# Replacement Springs 2005 25Rss



## thehossman (Jul 13, 2013)

Just broke a right side spring on my 2005 25RSS. On the interstate, blinding rain. Good samaritan helped put block of wood and I crept to trailer repair shop. ARGI (Raleigh) has some in stock but not sure if any would fit. Does anyone know what size (length/width) will fit. I know they have to be 1500#.


----------



## TwoElkhounds (Mar 11, 2007)

I do not know the size, but it should not matter as I would recommend you upgrade and replace all four springs. The stock springs are marginal, at best. Replace all four with a five spring leaf spring with a higher rating, any small differences in size will either not matter (since you are replacing all of them) or can be compensated for within the suspension hardware. If you replace just one, you may find yourself in the same position again later.

I had a spring break on the road last year in Canada, this is exactly what I did.
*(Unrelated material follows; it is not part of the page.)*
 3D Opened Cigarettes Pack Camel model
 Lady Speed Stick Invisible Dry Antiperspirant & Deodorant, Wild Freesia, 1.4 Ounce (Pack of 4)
I upgraded all four of my leaf springs to prevent this from happening again. It was in the shop and the springs are relatively cheap. I think all four springs will cost you about $100 for parts. Then there is the labor, which will probably be in the range of $250. But then it is done and the worry is gone.

Upgrade and replace all four springs with higher rated versions, you will not regret it.

DAN


----------



## TXJax (Dec 24, 2017)

If one should upgrade their leaf springs, what would the upgrade be? From where?

We do not have any good repair folks in our small town.


----------